— Given entries —

________________________

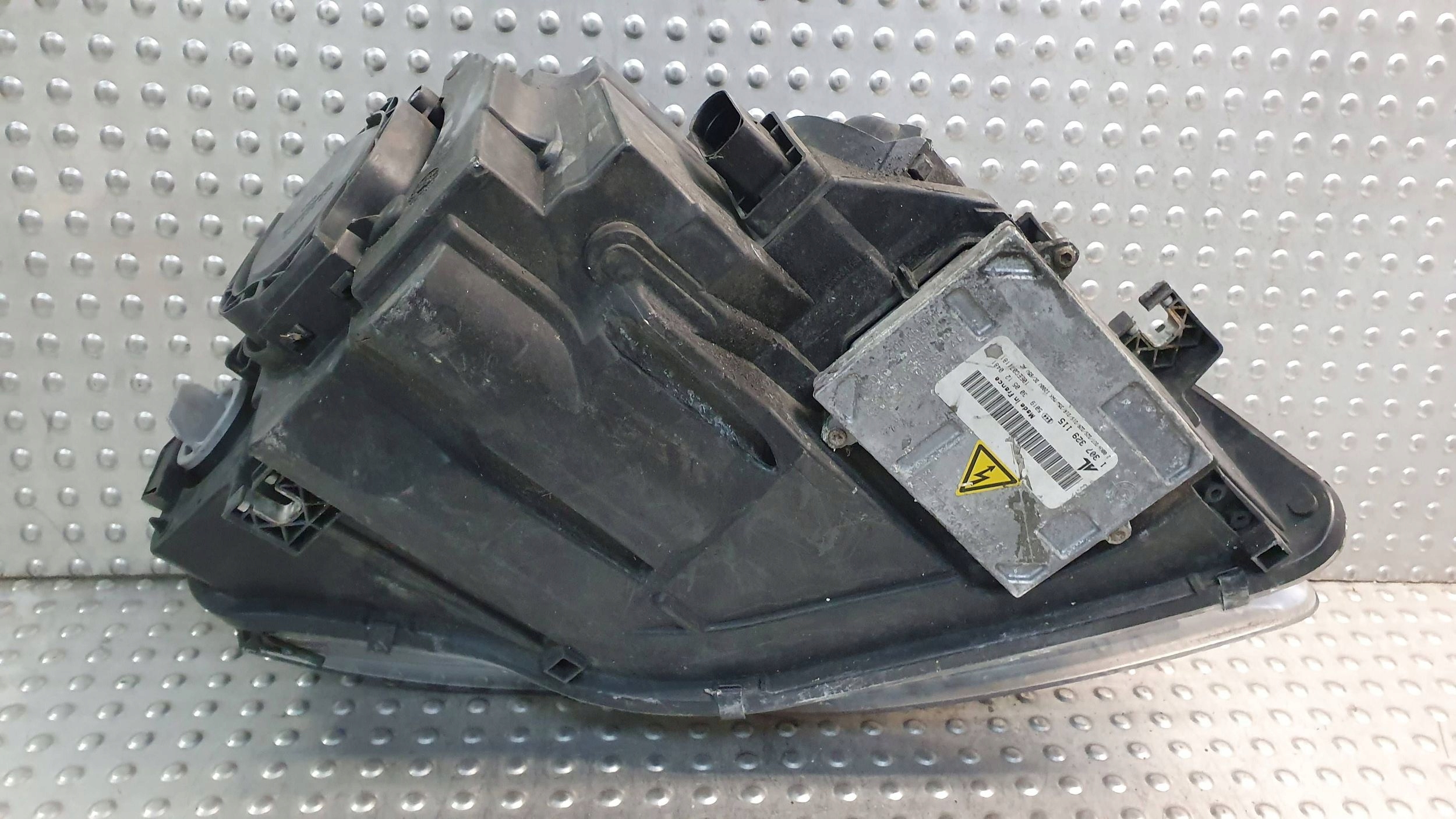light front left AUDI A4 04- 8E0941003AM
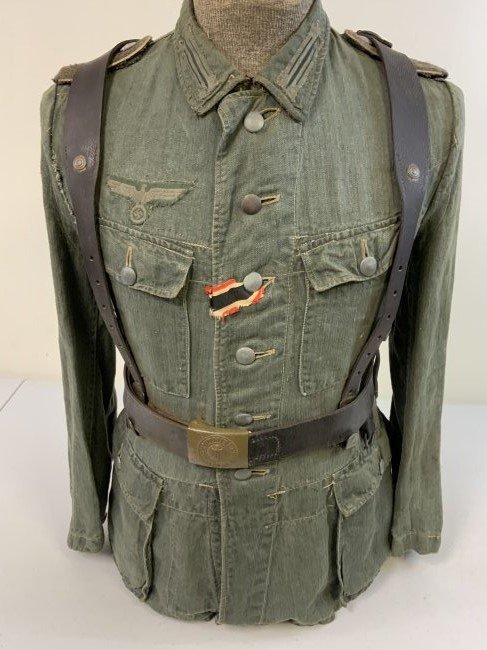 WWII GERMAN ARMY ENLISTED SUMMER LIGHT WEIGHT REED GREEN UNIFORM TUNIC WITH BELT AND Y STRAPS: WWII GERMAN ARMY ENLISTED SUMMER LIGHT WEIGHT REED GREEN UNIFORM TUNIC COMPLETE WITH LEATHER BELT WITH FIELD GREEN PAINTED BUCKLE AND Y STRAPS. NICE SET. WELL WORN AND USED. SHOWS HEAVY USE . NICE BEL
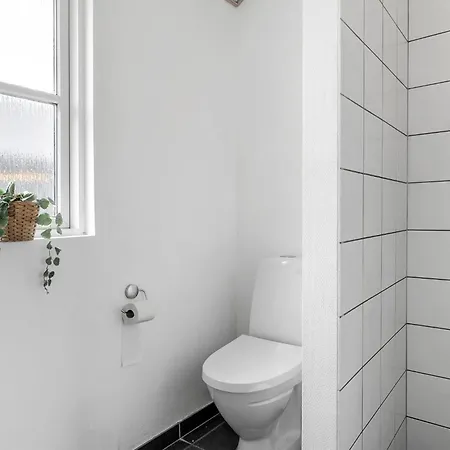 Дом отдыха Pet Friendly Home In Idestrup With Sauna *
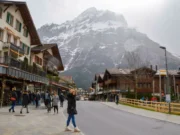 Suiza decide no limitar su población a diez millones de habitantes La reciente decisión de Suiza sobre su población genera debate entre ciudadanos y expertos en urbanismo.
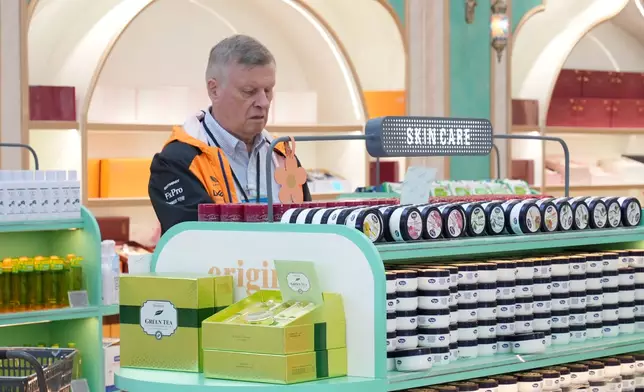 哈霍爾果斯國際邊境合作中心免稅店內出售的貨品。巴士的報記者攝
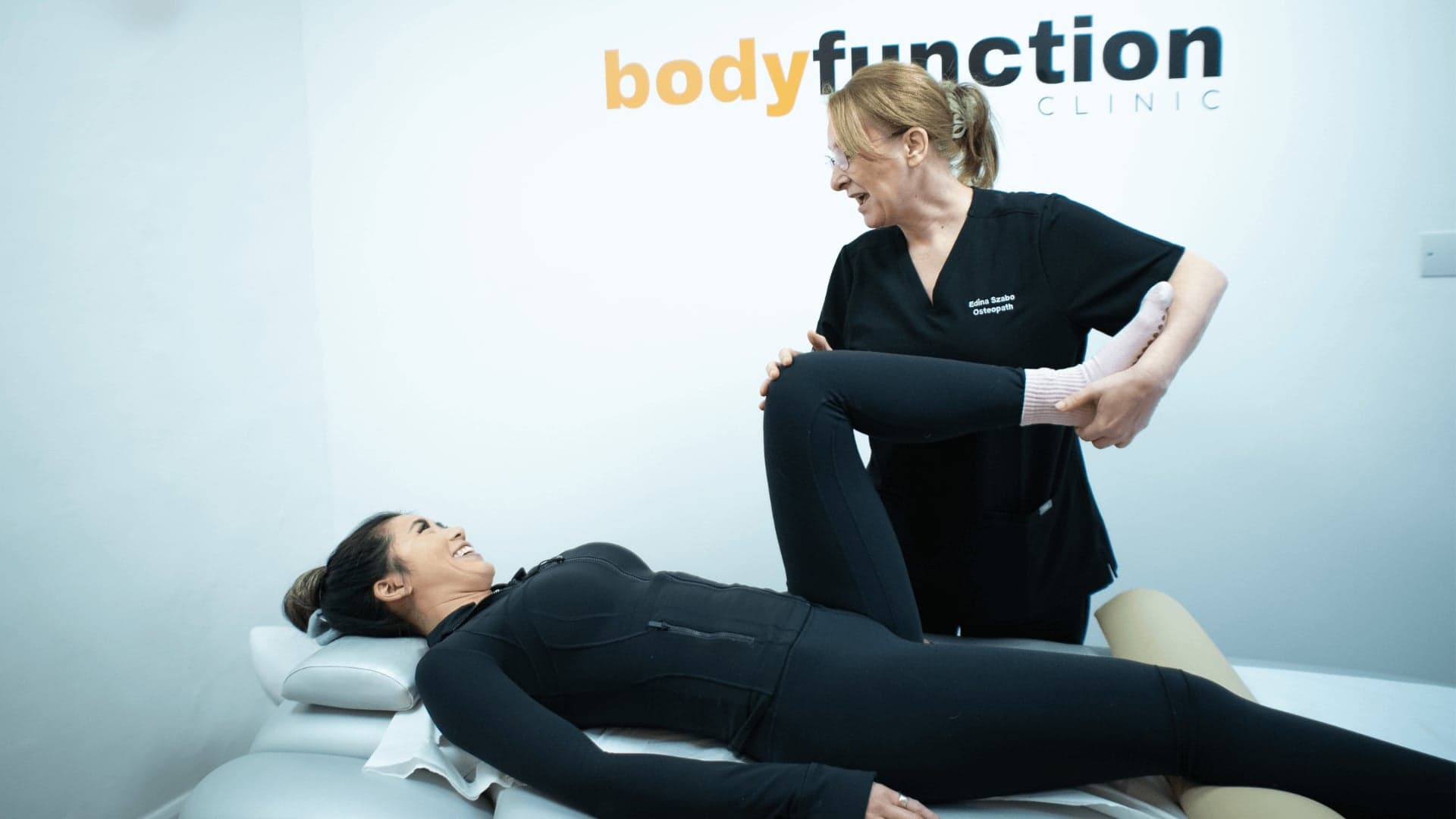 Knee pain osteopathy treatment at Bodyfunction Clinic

________________________

— What is needed —
Lines from the one containing "哈霍爾果斯國際邊境合作中心免稅店內出售的貨品。巴士的報記者攝" through the end of the entries above, both included, are to be written out exactly; no pictures and no other lines.

— Answer space —
 哈霍爾果斯國際邊境合作中心免稅店內出售的貨品。巴士的報記者攝
 Knee pain osteopathy treatment at Bodyfunction Clinic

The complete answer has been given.